– Steveo
The fresh generation of Marxist revolutionaries of today can’t help but feel confronted with a two sided coin. On the one hand, we are inspired by the elders around us who came out of the period of huge class struggles world wide that is epitomized by the year 1968. The world proletariat produced so many of our local heroes
who to this day carry so much of the load of activism and resistance campaigns. At least that’s the case for us in AS here in the Bay Area, where we have a few important elders that have passed the torch to us and still outdo us in many ways.
On the other side of the coin, is a sense that there is a wide gulf between 2011 and the peak years of class struggle that stretched into the mid-70s. None of the histories or biographies that we read seem to contain much evidence of revolutionary thought or action during the whole decades of the 1980s and 1990s. Organizational forms and theoretical content seems to have no continuity, and we feel like we are starting from scratch.
But if we got to know some of these elders a little better and listened to their stories, we would learn a lot. They have been dedicated for their whole lives, and the class struggle never ceases. People like recently retired Jack Heyman of the ILWU is one such figure.
Check out this video which is a succinct summary of one union’s intervention in the political sphere through the best and probably only real means at the disposal of the working class: organized labor action. Voting, petitioning, and the rest of it only have a chance at being relevant within the broader context of direct, organized, labor action. Just to be clear, AS refers to much more than unions or even waged workers when we say “labor”, so although this example we are using focuses on a classic sector of the working class, we do not limit the possibility of class struggle to forms like this.

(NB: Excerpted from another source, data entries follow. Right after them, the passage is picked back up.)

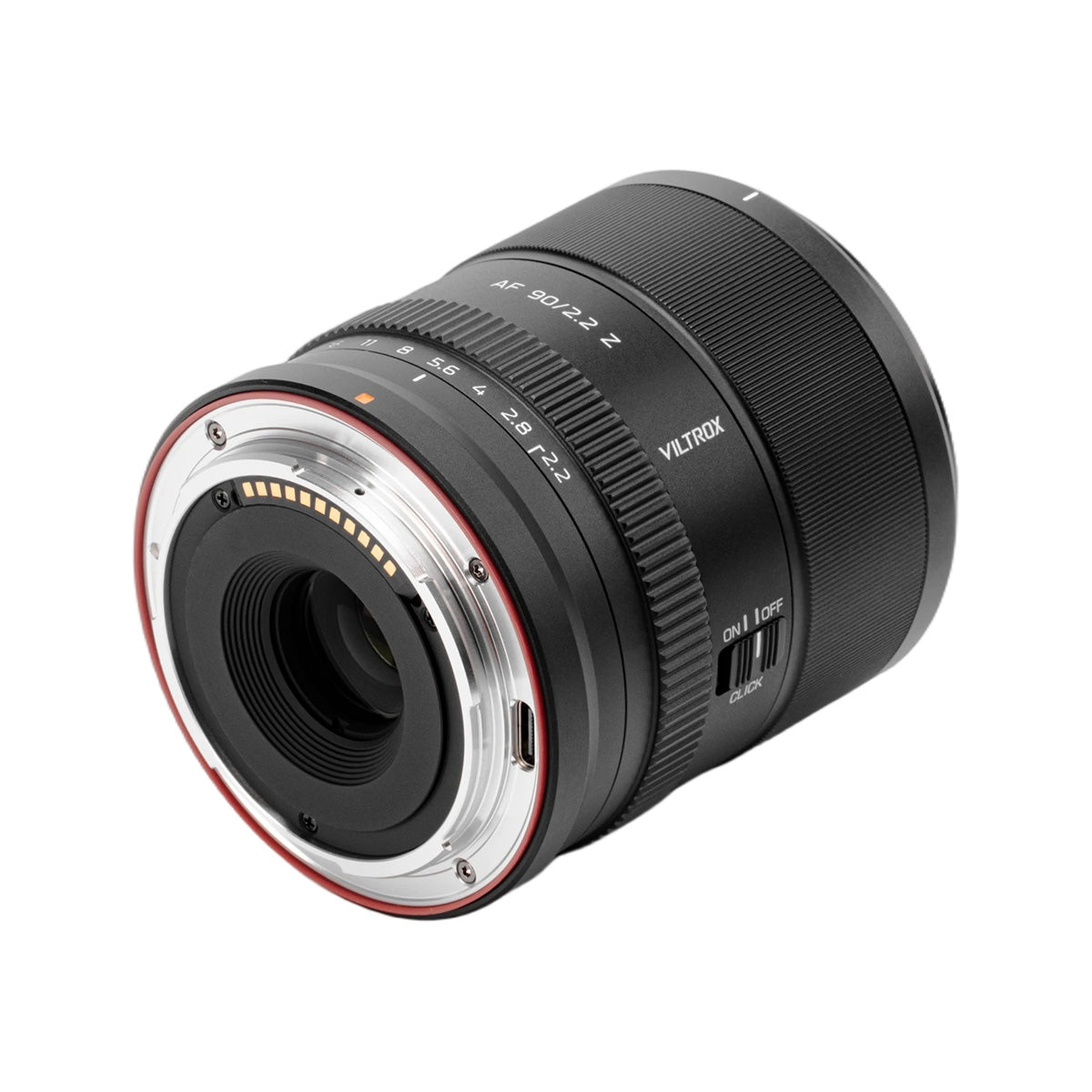 Viltrox AF 90mm F2.2 EVO – 2ndfocus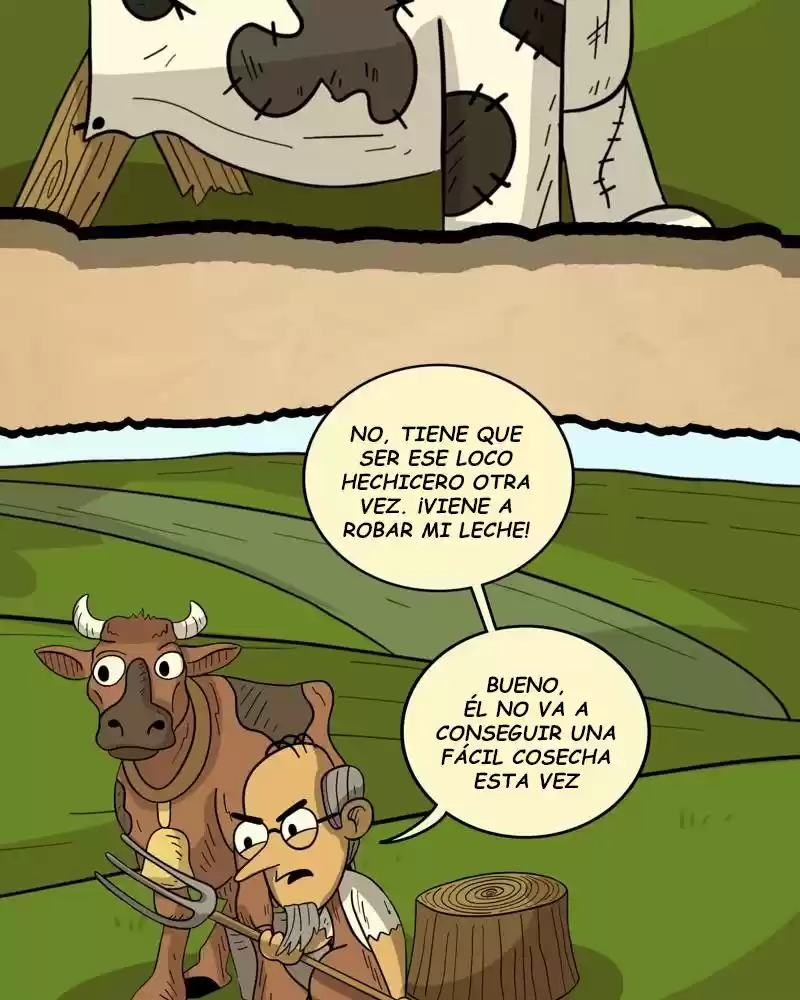 Just Pancakes - Capítulo 19 - Página 17 - LectorTMOo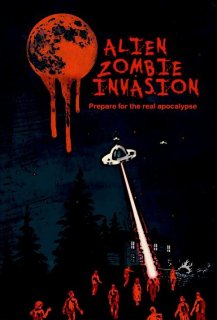 Alien zombie invasion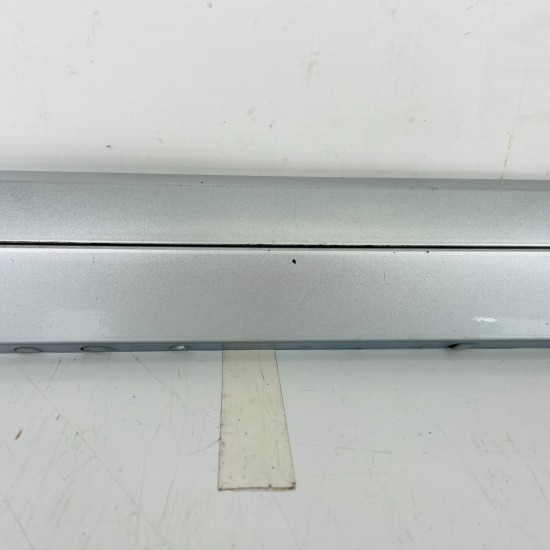 VW Passat Rear Left Door Moulding Genuine B8 Sedan Trim Strip 2015 - 2019 [za94]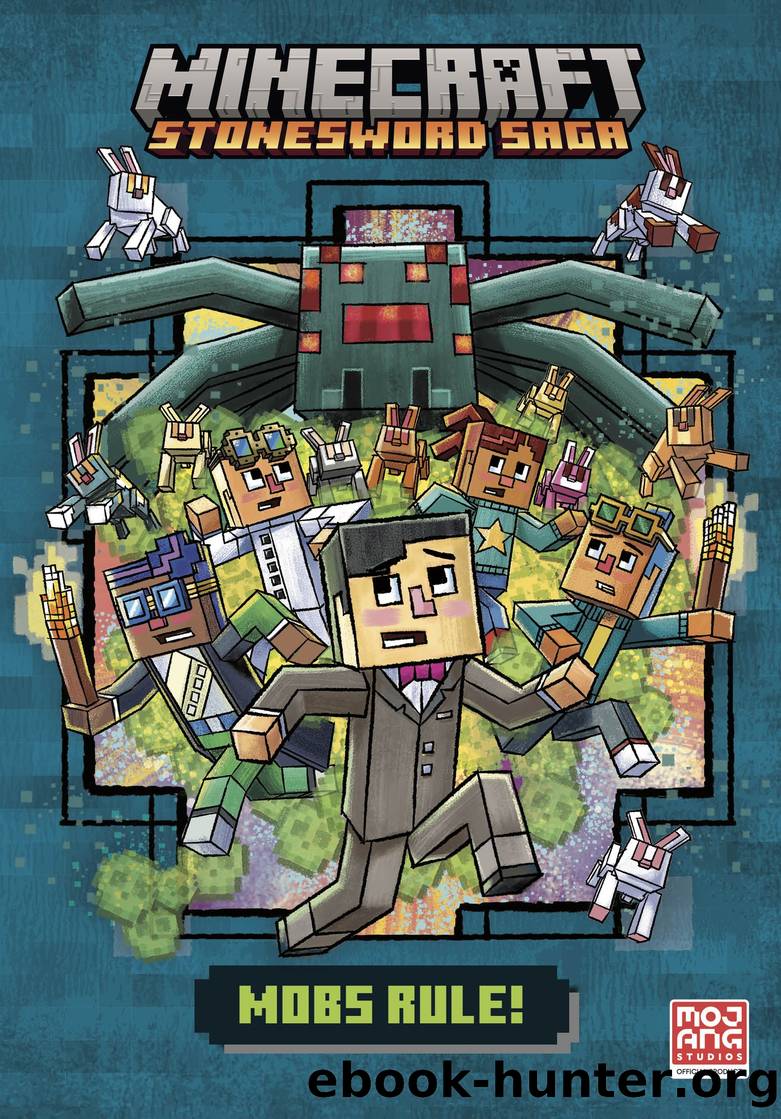 Minecraft Chapter Book #8 by Random House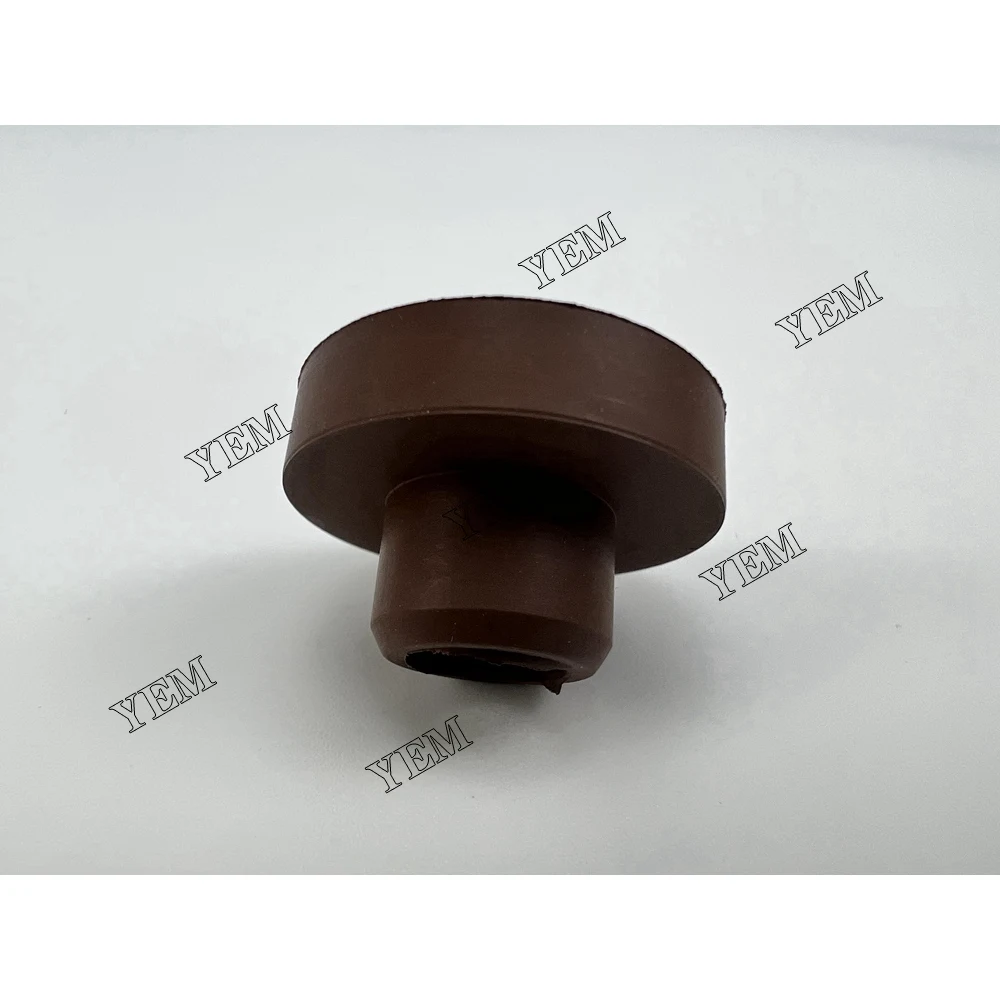 For Bobcat Engine T630 T650 T750 T770 T870 Rubber Bushing 6735696 Spare Part Advantage Supply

What better example of the potential of the working class to consciously intervene in the political sphere through organized withdraw of their labor-power from production (aka, strike) than the history of the ILWU here in Oakland and San Francisco? Those Marxists who dismiss the unions, the bureaucracy, and the male-majority industries as reactionary bastions, might take pause and complicate their program with this counterpoint to alleged bankruptcy of Trotskyism, the transitional method, “caste” (race and gender) integrated struggle and other pillars of commonplace marxist praxis (not that Marxist praxis is commonplace at all!).
Much of what has been written on this blog suggests that the new frontier of communist praxis is to be found in the “margins”, in sectors of the working class that in some cases have not even been defined as working class at all (eg, reproductive workers such as mothers). We hold to that assertion, but can’t go so far as to write off the role that unions, productive workers, and men have to play in the revolutionary process. Advance the Struggle is in that category of Marxists who are skeptical of the old formulas, and we are certainly humbled by the historical evidence that at least in one local case, proves that classical formulas can work to a significant degree.
This video should dispel the claim that workers organized as workers are condemned eternally to “economistic” politics, since longshoremen are firmly in the category of “aristocracy of labor”. It is settled: all proletarians can become conscious of their broad, internationalist interests and act in solidarity in militant fashion. The question is how to reconcile the skepticism of union (structured into state apparatus) with counterpoints like the one featured in the video AND how to also strategically coordinate non-union and even non-waged workers struggles with those of militant wage-earners and unionists. When this is figured out in theory and in practice, we will be well on the way to forging a truly unified proletariat.